*MATERIAL PROVIDED*.

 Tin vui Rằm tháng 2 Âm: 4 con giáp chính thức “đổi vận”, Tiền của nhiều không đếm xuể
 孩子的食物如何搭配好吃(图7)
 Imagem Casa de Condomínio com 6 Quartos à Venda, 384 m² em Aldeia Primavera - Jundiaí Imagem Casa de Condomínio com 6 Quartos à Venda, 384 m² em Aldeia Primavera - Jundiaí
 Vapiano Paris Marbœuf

---

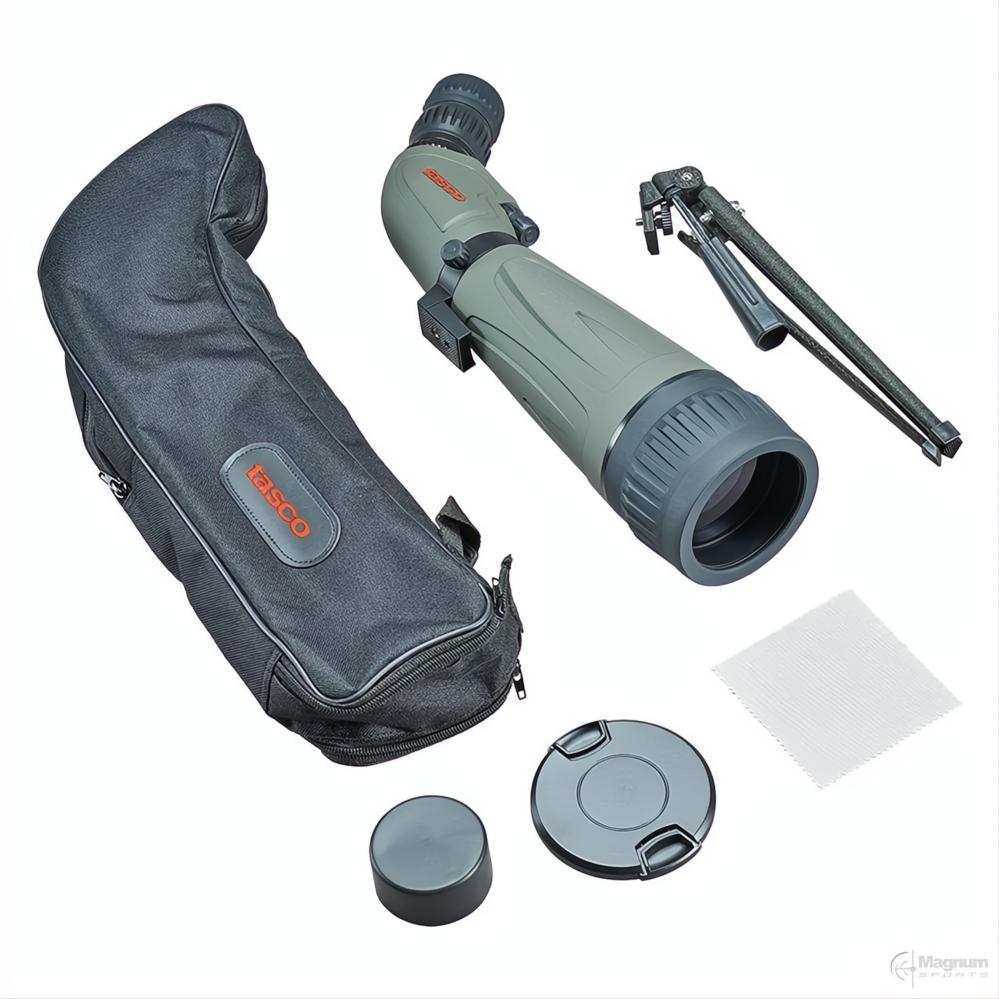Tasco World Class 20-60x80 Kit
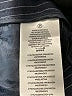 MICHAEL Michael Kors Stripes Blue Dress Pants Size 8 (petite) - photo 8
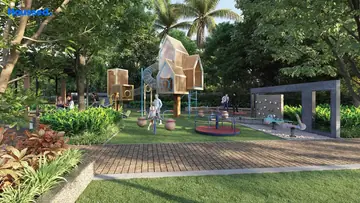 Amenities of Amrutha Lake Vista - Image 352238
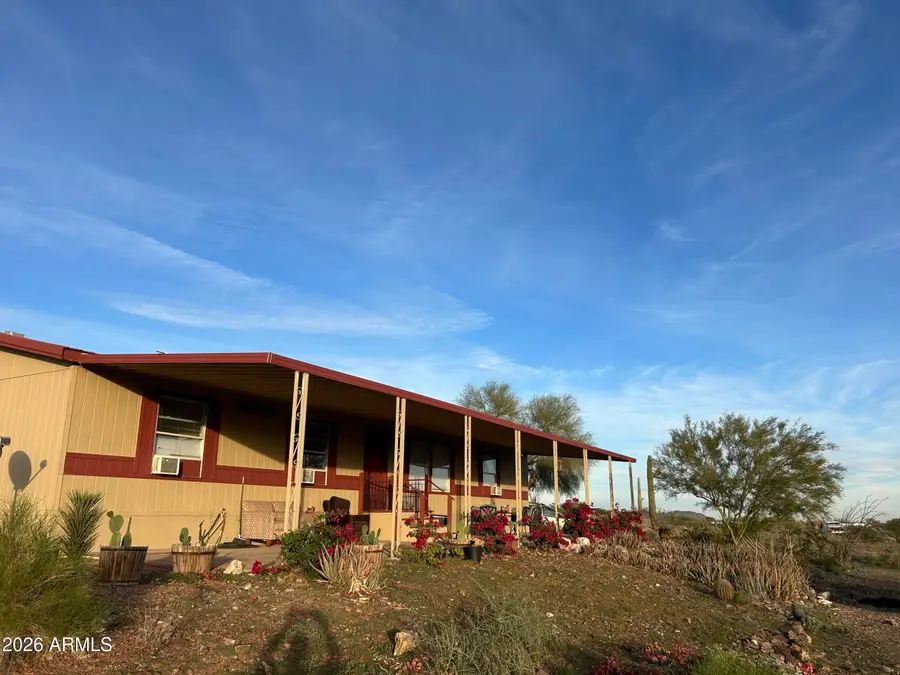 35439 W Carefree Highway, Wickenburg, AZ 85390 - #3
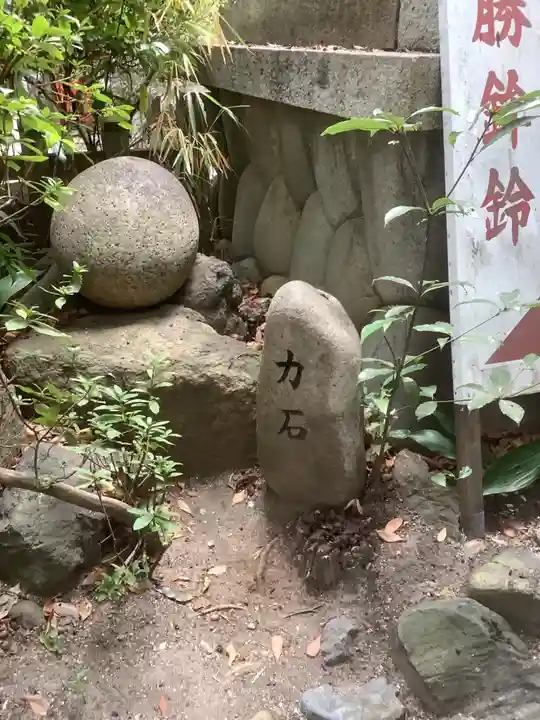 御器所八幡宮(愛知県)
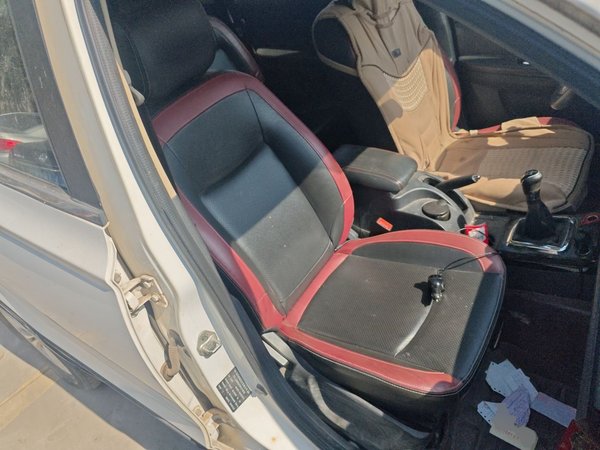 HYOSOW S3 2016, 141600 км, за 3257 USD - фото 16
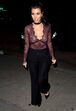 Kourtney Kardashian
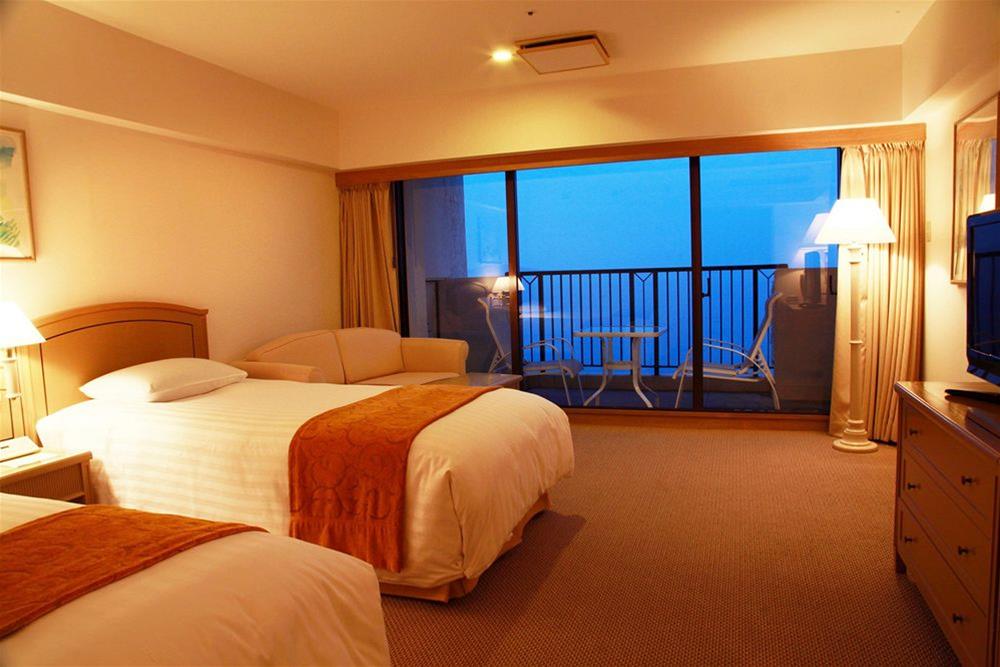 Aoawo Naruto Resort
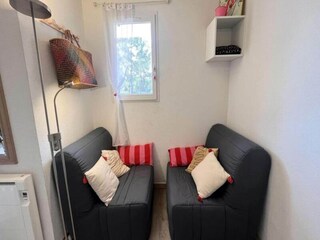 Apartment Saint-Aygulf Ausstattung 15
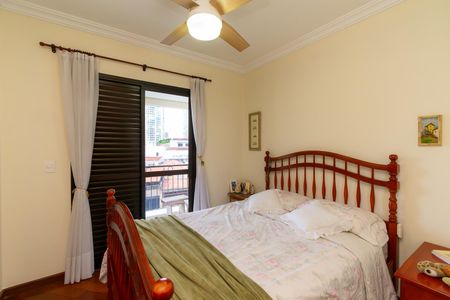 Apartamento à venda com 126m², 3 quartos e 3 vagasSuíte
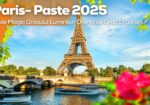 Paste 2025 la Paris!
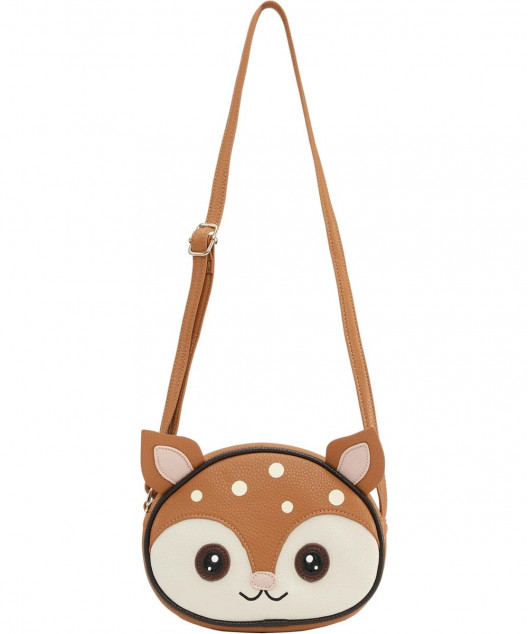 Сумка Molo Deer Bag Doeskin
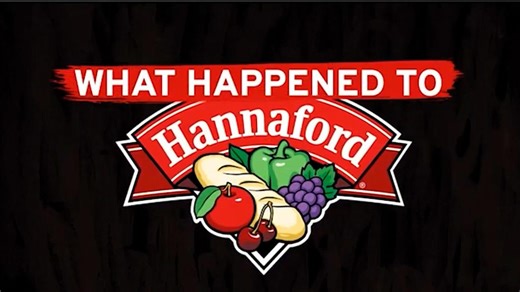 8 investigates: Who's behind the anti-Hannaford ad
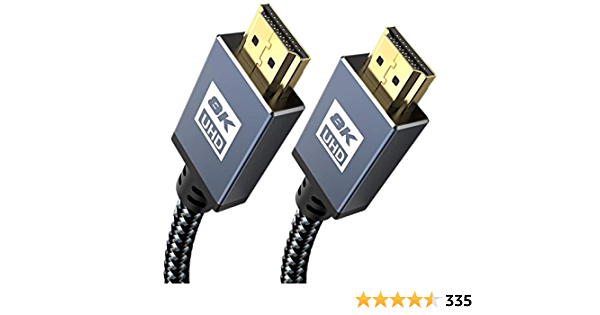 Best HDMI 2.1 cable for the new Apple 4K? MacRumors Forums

...

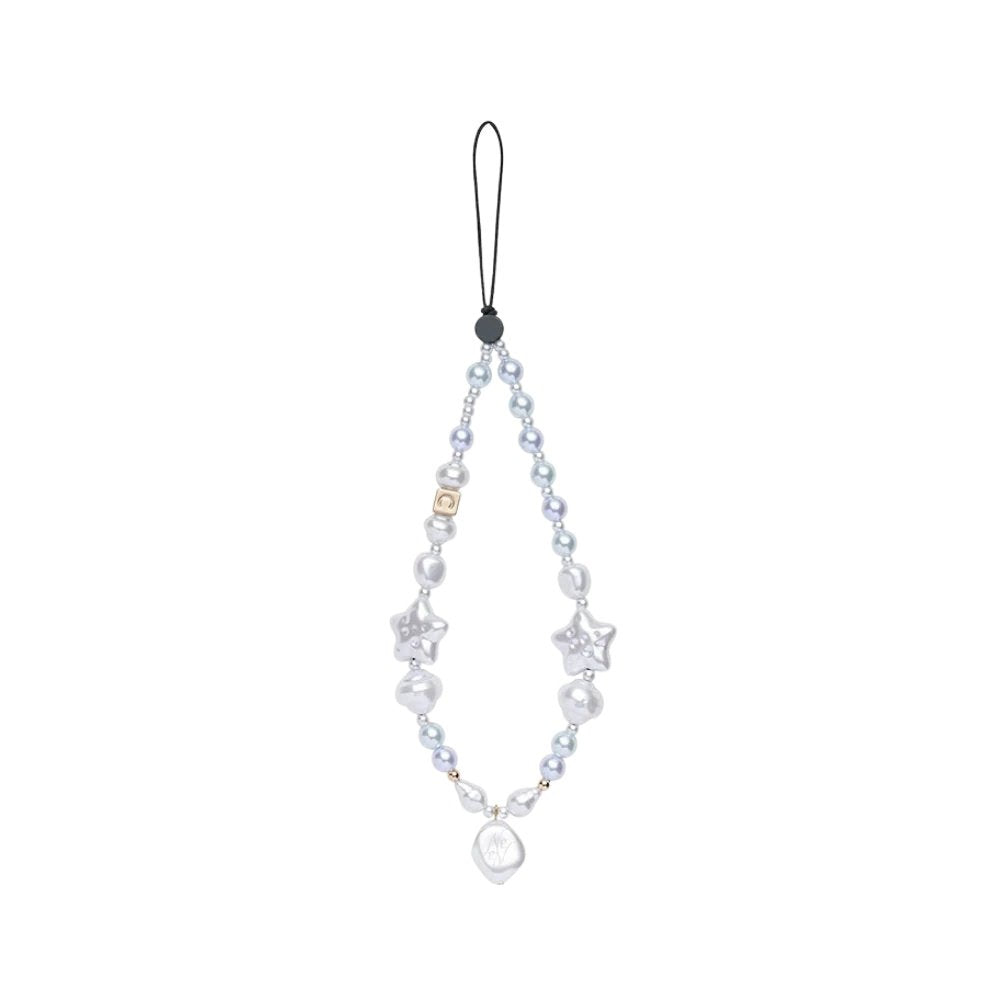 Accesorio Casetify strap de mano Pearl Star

*ACTIVITY*. All lines above from the one holding "Tin vui Rằm" to the one holding "Vapiano Paris Marbœuf", inclusive, are to be copied exactly; no other line is wanted.

*ANSWER TO THE EXERCISE*.
 Tin vui Rằm tháng 2 Âm: 4 con giáp chính thức “đổi vận”, Tiền của nhiều không đếm xuể
 孩子的食物如何搭配好吃(图7)
 Imagem Casa de Condomínio com 6 Quartos à Venda, 384 m² em Aldeia Primavera - Jundiaí Imagem Casa de Condomínio com 6 Quartos à Venda, 384 m² em Aldeia Primavera - Jundiaí
 Vapiano Paris Marbœuf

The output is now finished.